Showing posts with label TALIBAN. Show all posts
Showing posts with label TALIBAN. Show all posts

August 19, 2021

U.S., other aid cuts imperil Taliban control of Afghan government

 Taliban fighters stand guard at a checkpoint near the US Embassy in Kabul, Afghanistan

It is still early days, and the picture of what is happening in Afghanistan now that the Taliban has regained control of the country continues to develop.

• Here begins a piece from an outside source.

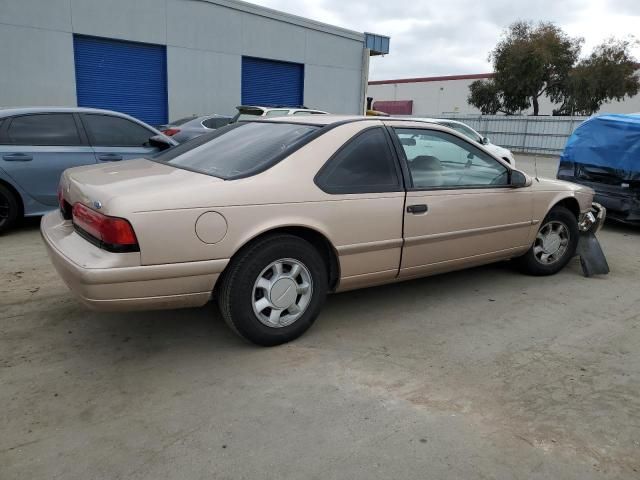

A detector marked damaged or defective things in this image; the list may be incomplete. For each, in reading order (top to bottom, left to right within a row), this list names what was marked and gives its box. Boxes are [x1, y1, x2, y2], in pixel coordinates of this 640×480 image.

damaged front end [576, 202, 608, 278]
detached bumper piece [576, 203, 608, 278]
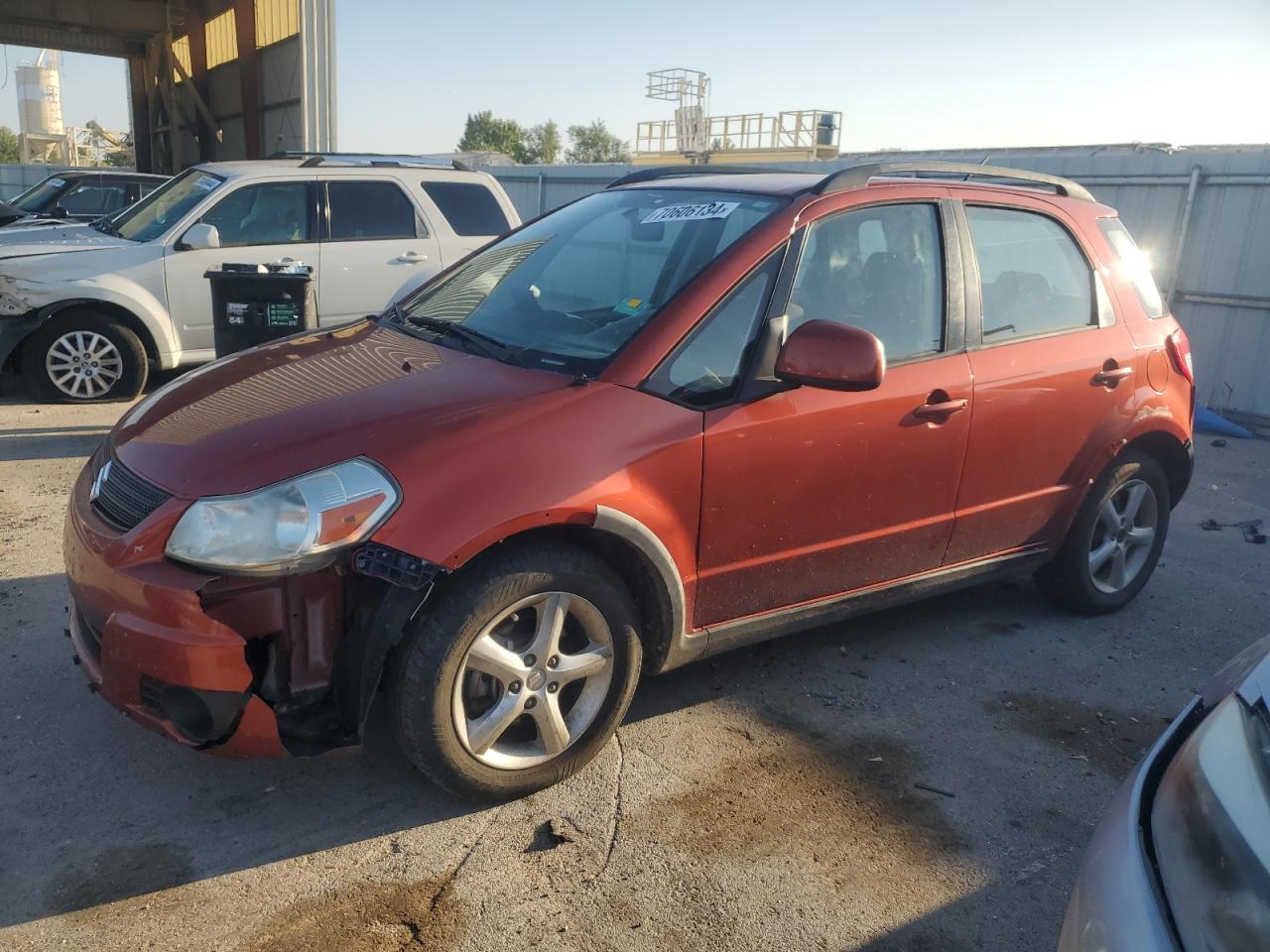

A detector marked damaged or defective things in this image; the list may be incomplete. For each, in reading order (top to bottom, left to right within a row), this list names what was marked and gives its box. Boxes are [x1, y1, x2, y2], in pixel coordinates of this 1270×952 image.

damaged red hatchback [66, 162, 1199, 797]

Central to affairs there is money. Afghanistan is one of the poorest countries in the world, with about half its population requiring humanitarian aid this year and about 90% of its people living below the poverty line of making $2 a day.

The country depends on foreign aid. Under the U.S.-supported Afghan government, the United States and other nations funded about 80% of Afghanistan’s budget. In 2020, foreign aid made up about 43% of Afghanistan’s GDP (the GDP, or gross domestic product, is the monetary value of all the goods and services produced in a country), down from 100% of it in 2009.

This is a huge problem for the Taliban, because their takeover of the country means that the money the country so desperately needs has dried up. The U.S. has frozen billions of dollars of Afghan government money held here in the U.S. The European Union and Germany have also suspended their financial support for the country, and today the International Monetary Fund blocked Afghanistan’s access to $460 million in currency reserves.

Adam M. Smith, who served on the National Security Council during the Obama administration, told Jeff Stein of the Washington Post that the financial squeeze is potentially “cataclysmic for Afghanistan.” It threatens to spark a humanitarian crisis that, in turn, will create a refugee crisis in central Asia. Already, the fighting in the last eight months has displaced more than half a million Afghans.

People fleeing from the Taliban threaten to destabilize the region more generally. While Russia was happy to support the Taliban in a war against the U.S., now that its fighters are in charge of the country, Russia needs to keep the Taliban’s extremism from spreading to other countries in the area. So it is tentatively saying supportive things about the Taliban, but it is also stepping up its protection of neighboring countries’ borders with Afghanistan. Other countries are also leery of refugees in the region: large numbers of refugees have, in the past, led countries to turn against immigrants, giving a leg up to right-wing governments.

Canada and Britain are each taking an additional 20,000 Afghan women leaders, reporters, LGBTQ people, and human rights workers on top of those they have already volunteered to take, but Turkey—which is governed by strongman president Recep Tayyip Erdogan—is building a wall to block refugees, and French President Emmanuel Macron asked officials in Pakistan, Iran, and Turkey to prevent migrants reaching their countries from traveling any further. The European Union has asked its member states to take more Afghan refugees.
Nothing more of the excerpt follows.